8 more_bad_names.f1[1]
9 more_bad_names.f1[2]
10 more_bad_names.f1[3]

kRogue
07-16-2010, 06:28 AM
That is what I first figured, that uniforms are ID's and not offsets. One thing that then implies is that when setting uniforms, then there is a one more additional layer of indirection, i.e. translate ID to offset (or something).

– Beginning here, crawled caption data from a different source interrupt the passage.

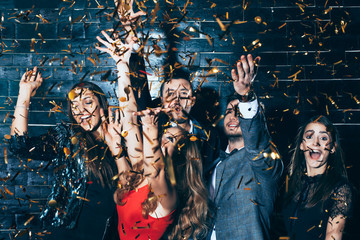 Young beautiful people dancing in confetti. - obrazy, fototapety, plakaty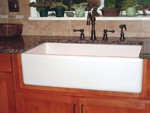 Shaw's Original 36" fireclay farm sink.  Faucet is Concinnity Strathmore in oil rubbed bronze.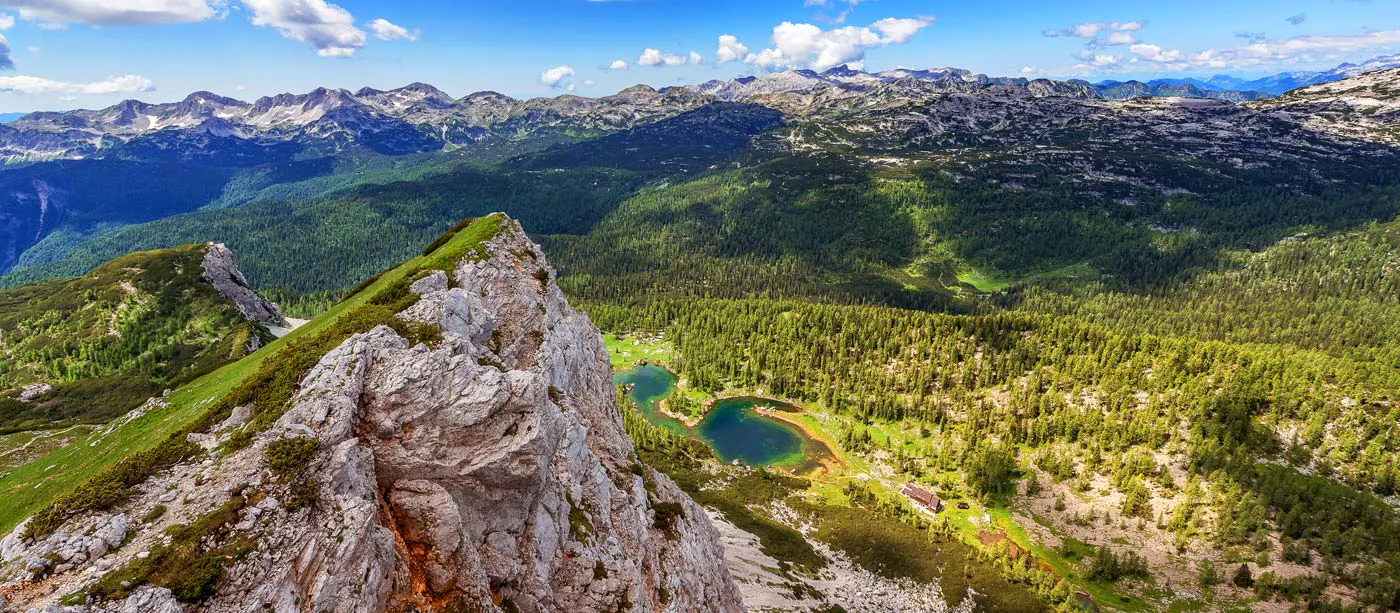An aerial view of a mountain with a lake in the background, perfect for adventure travel enthusiasts in Julian Alps in Slovenia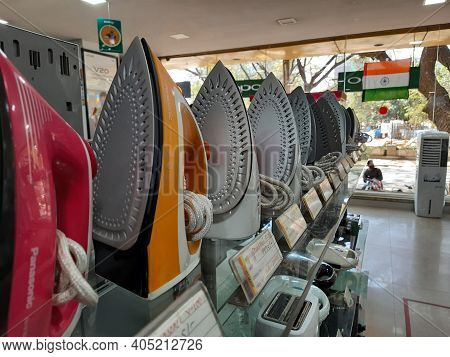 Closeup Of New Washing Machine, Mobile, Steamed Iron Box In A Girias Electronics Showroom At Gokul E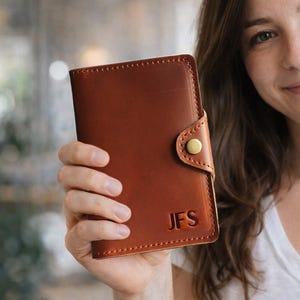 May include: A brown leather passport holder with the initials "JFS" and a navy blue United States passport. The passport holder has a button closure. The passport has the word "PASSPORT" on the cover.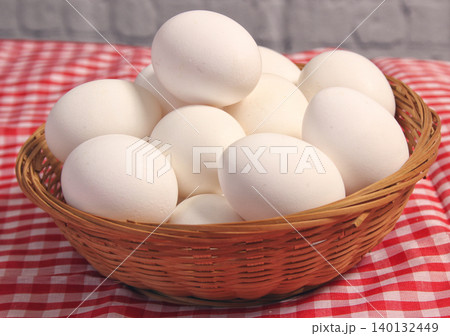 Basket of Farm Fresh Eggs on Red and White Checkered Fabric Basket of Farm Fresh Eggs on Red and White Checkered Fabric 140132449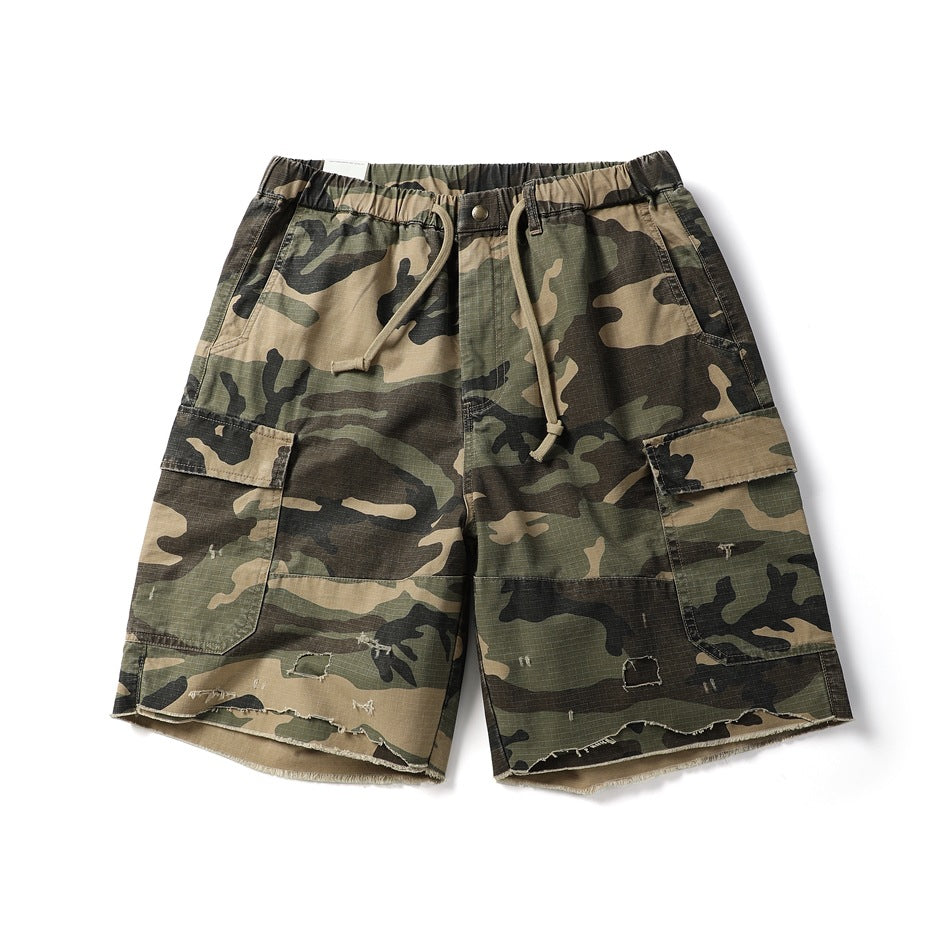 Camouflage cargo shorts flat lay with drawstring waist, flap pockets and distressed frayed raw hem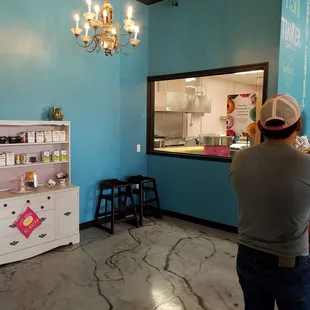 Some of their coffee on the white cabinet and also a window into their bakery. So you can see how they make their donuts.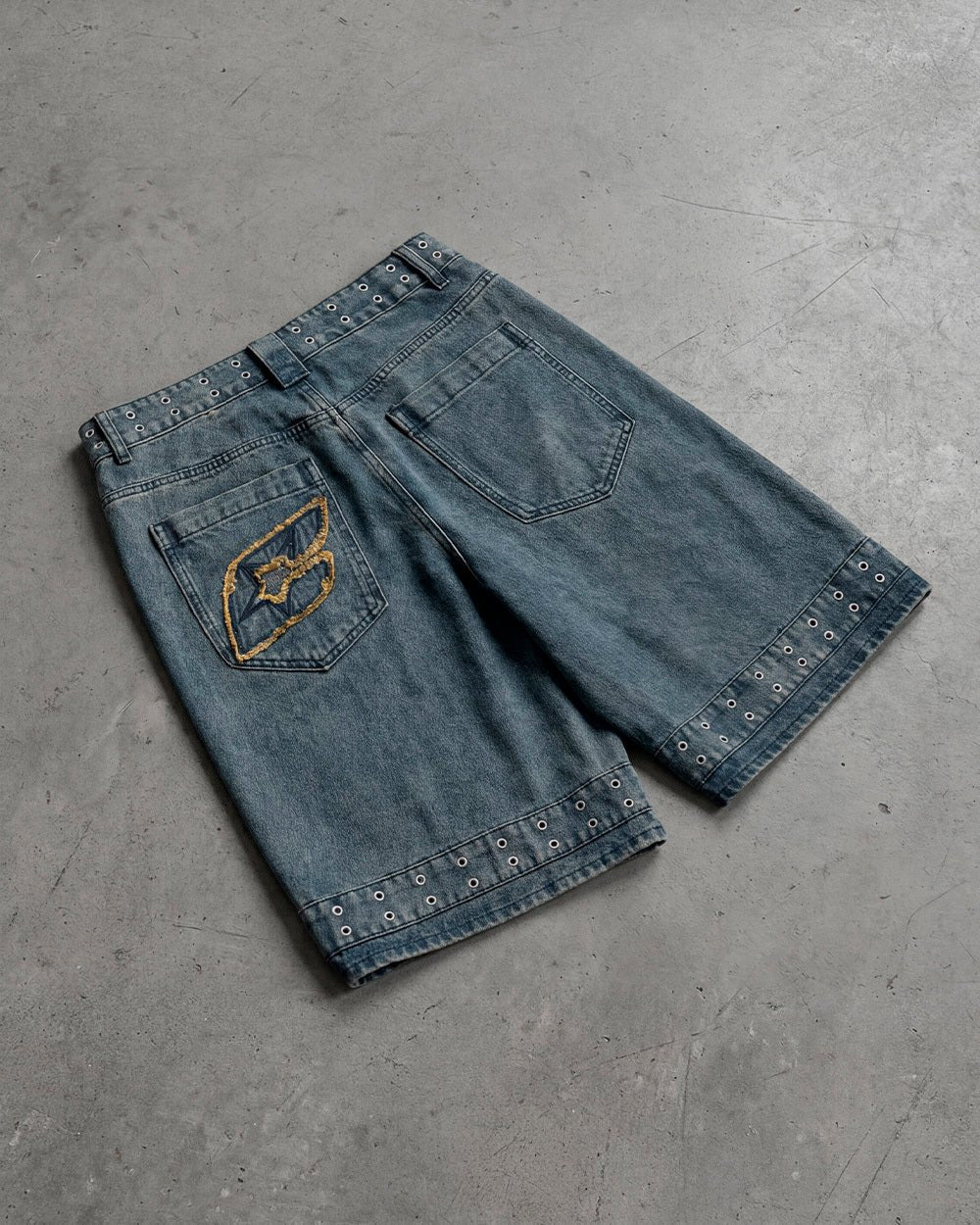 EYELET V2 SHORT DENIM - washed blue denim shorts, flat lay - Cold Culture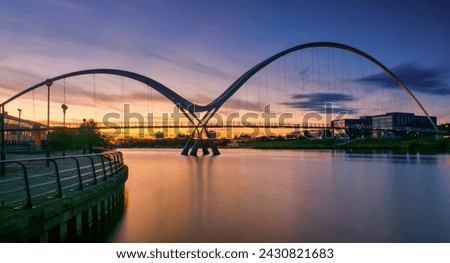 Infinity Bridge on dramatic sky at sunset in Stockton-on-Tees, UK.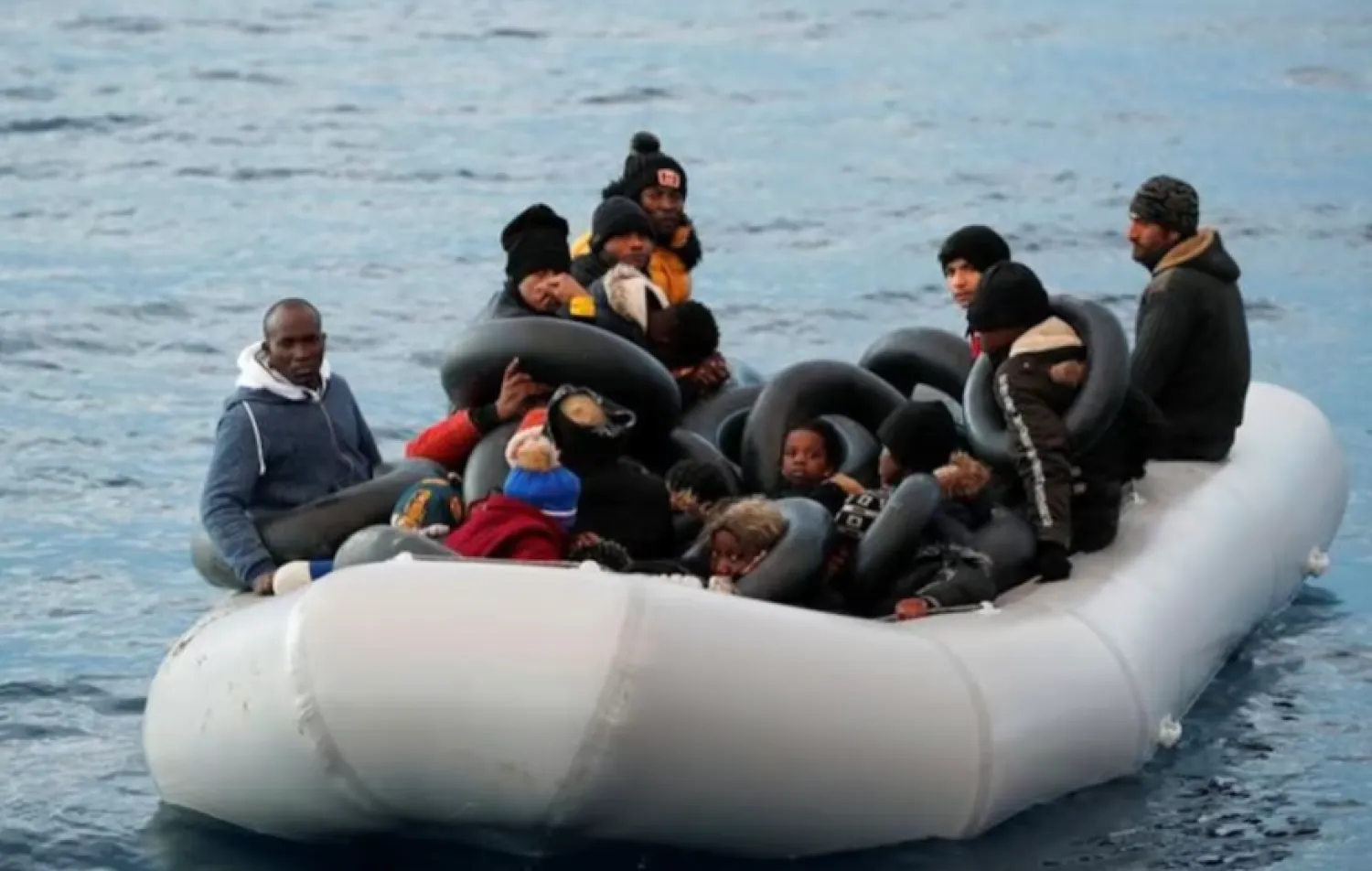 Migrants are seen on a dinghy following a failed attempt to cross to the Greek island of Lesbos, as a Turkish Coast Guard boat aproaches them, on the waters of the North Aegean Sea, off the shores of Canakkale, Türkiye, March 6, 2020. REUTERS/Umit Bektas 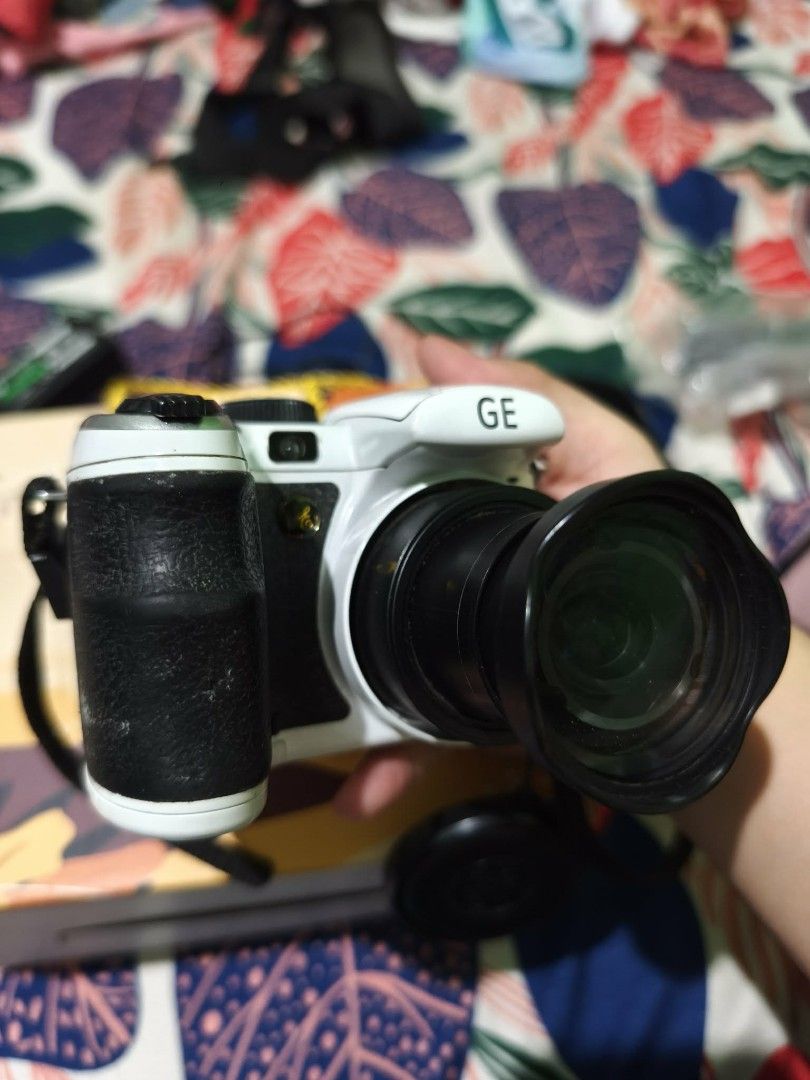 GE X500 Digital Camera (Category: Cameras) located in Quezon City. Submitted by zh_nn (Listing ID 1418201835, Image 3). Description: Specs: • 14 megapixels • 15x optical zoom + 5.7x digital zoom • 2.7" LCD screen • Built-in flash Inclusions: 1. Unit itself (w/ signs of usage) 2. 4pcs AA Alkaline Batteries 3. 16GB Memory Card 4. Camera bag The following have been tested: 1. Flash ✅ 2. Buttons ✅ Issues: • Mode dial is slightly loose but still worki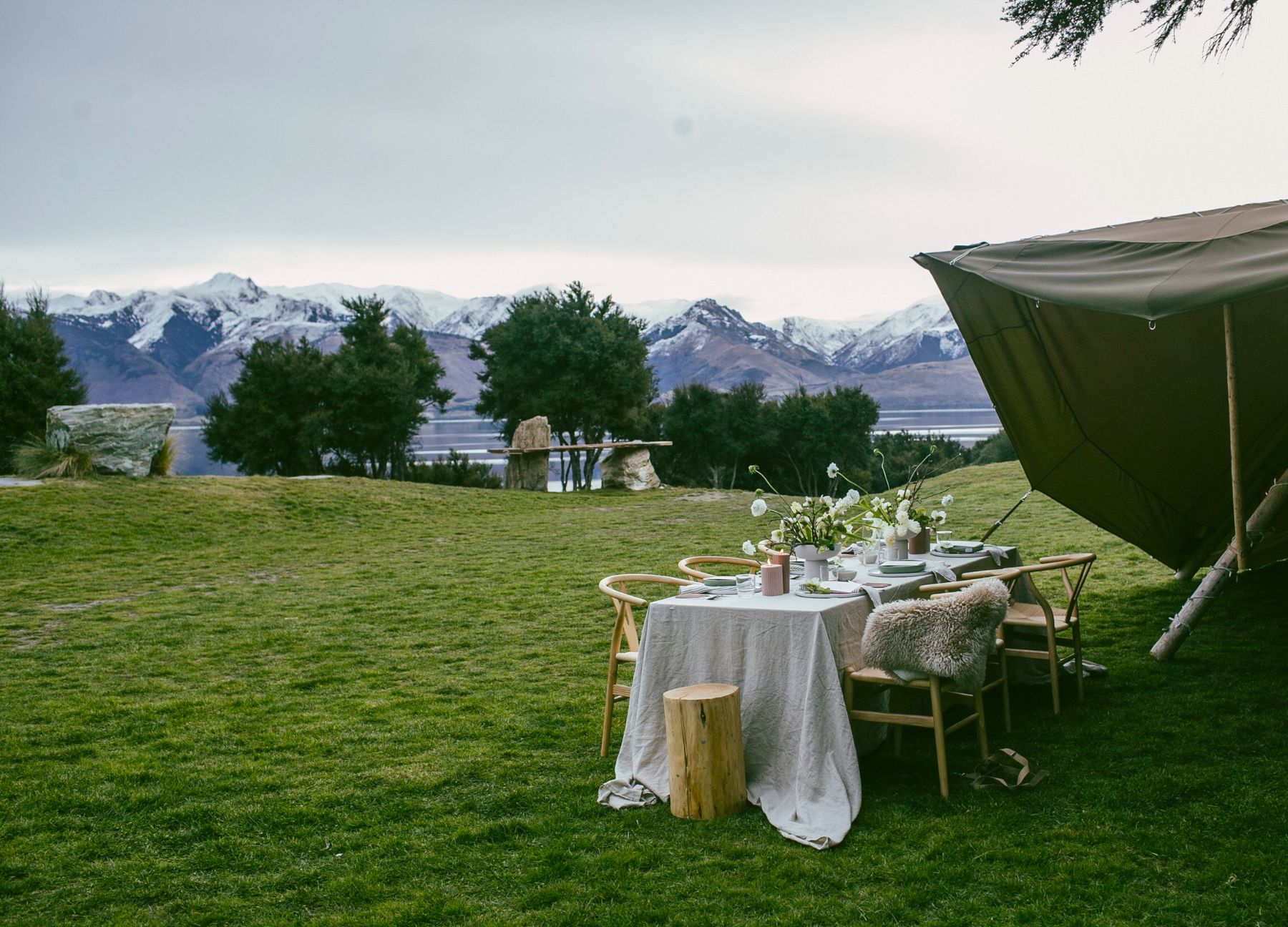 Table set up for outdoor private dining with mountain views at Lake Hawea Station, a luxury lodge in New Zealand
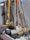 A collection of cleaning tools, including mops and brooms, is clustered together. The handles are made of wood and metal, with some featuring colored grips in yellow, orange, and blue. The mop heads are visibly made of fabric strands and the brooms have stiff bristles.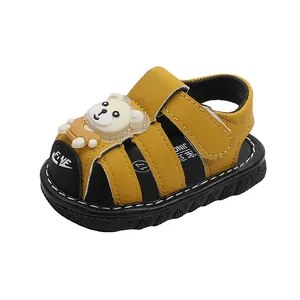 Yellow summer sandals for baby boys featuring a cute cartoon bear and soft anti-slip sole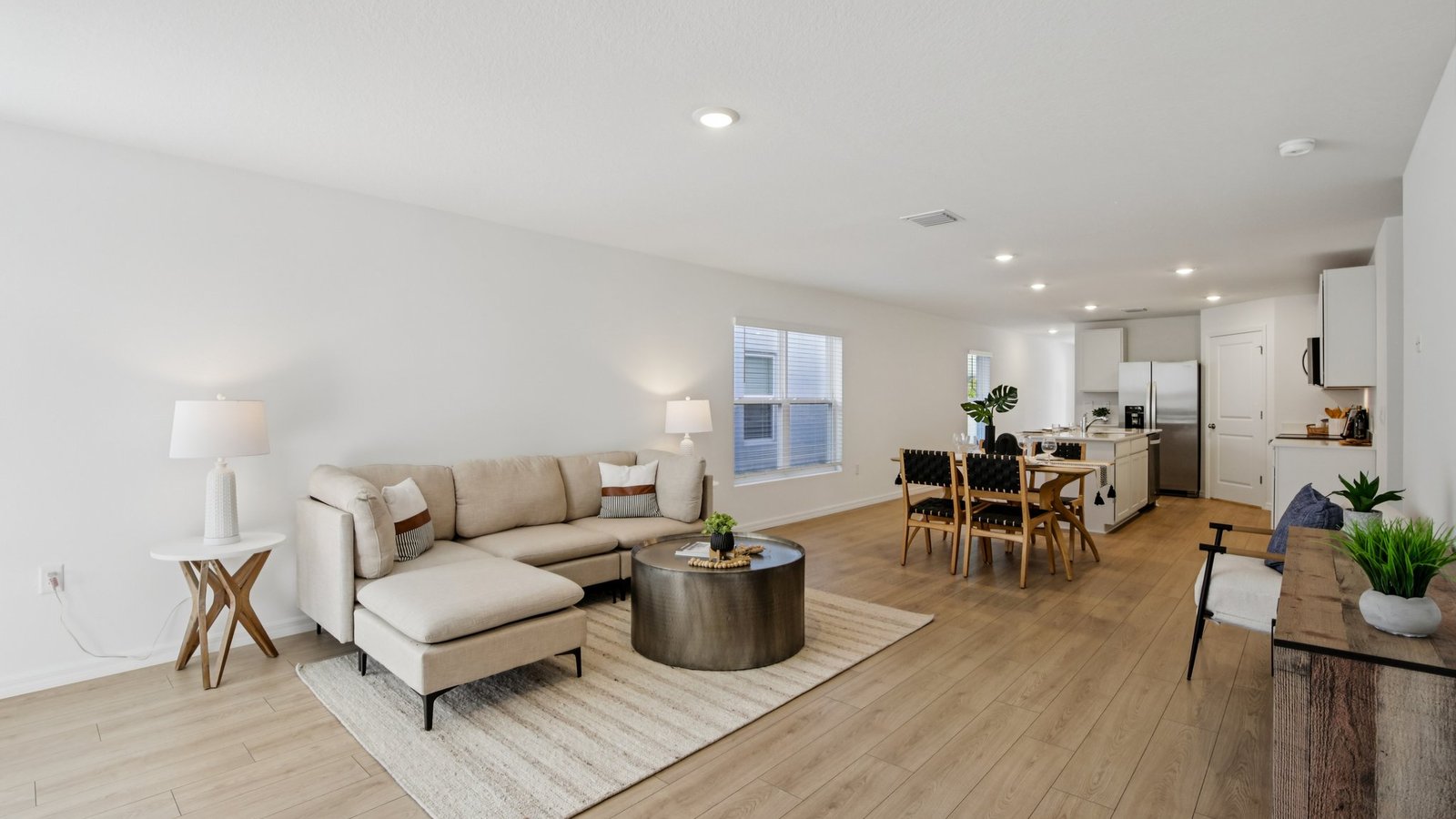 Open concept living area with couch seating and access to the backyard thru slider door.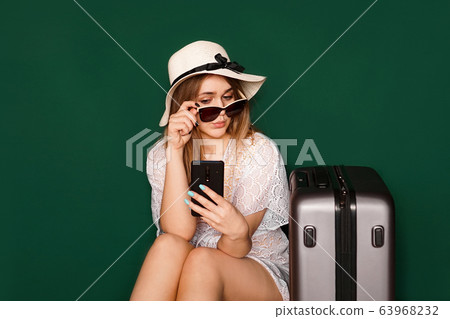 Beautiful girl sits near a suitcase. Waiting for departure. Girl with a phone 63968232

That the mat4 was only one ID kind of irked me: in GLSL one can set a column of a mat4 matrix, but there is no GL call to just set the column of a mat4 matrix, if a mat4 took 4 ID's then one could, along the same lines setting one value of vecN is a vecN took N slots (then to go further then, a mat4 takes 16 ID's), and this does not address one still needs a way to differentiate between setting the entire element or just it's first sub-element.... pointless for me to talk of this anyways since the uniforms are handled via an ID, not an offset and for that matter the GL spec has this:



A valid name cannot be a structure, an array of structures, or any portion of
a single vector or a matrix.



Though the naming convention in the GL spec kind of suggests "they are offsets" (glGetUniformLocation)... the GL spec language for getting uniforms is kind of icky too, as one passes an "index":

void GetActiveUniform( uint program, uint index,
sizei bufSize, sizei *length, int *size, enum *type,
char *name );

where 0<=index<ACTIVE_UNIFORMS. Here the value of index has really nothing in common with the ID of a uniform.

Though, since there is this layer of indirection, no reason, except for the inckiness of handing structs, for GL API to not have something like "GL_explicit_uniform_location", as Grouvnet has been saying before.